Au Royaume-Uni, le SONIA (Sterling Overnight Index Average) est présenté comme l’indice favori pour assurer la transition vers les taux sans risque[4]. Cet indice existe depuis 20 ans et a la particularité d’être administré par la Banque d’Angleterre depuis 2016. Basé sur des transactions réelles et non sur des estimations ce taux présente une plus grande solidité. Aux Etats-Unis, le SOFR (Secured Overnight Financing Rate), basé sur les opérations de refinancement collatéralisés (Repo) sur les titres du Trésor américain de la veille, est présenté comme une alternative au LIBOR USD.

S’agissant de la zone euro c’est l’€STER (Euro Short Term Rate) qui a été désigné par la BCE comme le successeur de l’EONIA; notamment afin de résoudre un biais historique de construction dans la mesure où l’EONIA reflétait principalement les transactions des banques françaises et allemandes. L’€STER qui fera l’objet d’une publication quotidienne à 9h CET à partir du 2 octobre 2019, est administré par la Banque Centrale Européene et est entièrement basé sur une méthodologie de collecte d’informations statistiques (Money Market Statistical Reporting) auprès de 52 banques de la zone euro[5].

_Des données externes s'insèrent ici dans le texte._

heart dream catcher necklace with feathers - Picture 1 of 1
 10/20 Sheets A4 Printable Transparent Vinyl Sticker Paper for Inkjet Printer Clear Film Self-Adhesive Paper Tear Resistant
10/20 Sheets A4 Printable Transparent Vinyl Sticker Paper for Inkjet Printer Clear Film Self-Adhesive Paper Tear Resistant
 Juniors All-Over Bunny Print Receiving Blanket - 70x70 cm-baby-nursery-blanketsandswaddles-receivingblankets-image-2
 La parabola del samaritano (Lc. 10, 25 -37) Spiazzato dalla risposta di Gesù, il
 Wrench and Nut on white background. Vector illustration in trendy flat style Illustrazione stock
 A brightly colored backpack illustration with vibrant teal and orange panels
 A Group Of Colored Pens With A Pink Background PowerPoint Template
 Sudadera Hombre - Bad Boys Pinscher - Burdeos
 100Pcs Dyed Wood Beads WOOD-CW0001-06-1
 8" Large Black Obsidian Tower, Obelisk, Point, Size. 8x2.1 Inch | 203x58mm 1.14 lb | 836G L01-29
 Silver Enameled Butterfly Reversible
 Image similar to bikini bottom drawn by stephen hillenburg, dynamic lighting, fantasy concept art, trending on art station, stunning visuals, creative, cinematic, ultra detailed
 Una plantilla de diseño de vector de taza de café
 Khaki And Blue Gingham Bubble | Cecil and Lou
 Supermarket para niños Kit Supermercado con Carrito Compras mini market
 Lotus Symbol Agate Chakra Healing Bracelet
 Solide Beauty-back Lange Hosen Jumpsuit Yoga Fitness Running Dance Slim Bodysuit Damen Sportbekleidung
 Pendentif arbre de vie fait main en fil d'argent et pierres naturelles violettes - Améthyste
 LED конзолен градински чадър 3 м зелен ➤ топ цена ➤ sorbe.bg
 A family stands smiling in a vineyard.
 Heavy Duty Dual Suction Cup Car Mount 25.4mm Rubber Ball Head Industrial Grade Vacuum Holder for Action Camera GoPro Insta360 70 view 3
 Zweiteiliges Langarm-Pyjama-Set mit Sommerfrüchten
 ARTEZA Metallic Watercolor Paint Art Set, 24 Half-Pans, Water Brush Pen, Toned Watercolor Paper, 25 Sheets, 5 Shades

Il est à noter que l’avènement de ces nouveaux indices marque un basculement du recours à des taux à terme (forward looking term rates) vers des taux sans risque au jour le jour (overnight risk free rates) et ce afin de refléter plus fidèlement la réalité de marchés sous-jacents actifs et liquides[6], ce qui n’est néanmoins pas sans causer de différences économiques qu’une simple substitution d’indice ne saurait absorber.

À titre d’exemple, si l’on considère un produit financier portant intérêts de la façon suivante : GBP LIBOR 3 mois + 100 points de base. Dans ce cas, les paiements d’intérêts seront nécessairement impactés si l’on substitue le SONIA au LIBOR car l’écart moyen entre un taux GBP LIBOR 3 mois et un taux SONIA interpolé sur 3 mois est d’environ 30 points de base. De même, un taux GBP LIBOR 3 mois + 100 points de base n’est pas l’équivalent d’un taux SONIA + 130 points de base car cet écart de 30 points de base représente une moyenne d’écarts pouvant évoluer de façon significative sur une période donnée. Ainsi au cours des 10 dernières années cet écart a pu atteindre 398 points de base. Dès lors les paiements découlant d’un contrat indexé sur GBP LIBOR 3 mois + 100 points de base ne seront identiques à ceux d’un contrat indexé sur SONIA + 130 points de base qu’en de très rares occasions.[7]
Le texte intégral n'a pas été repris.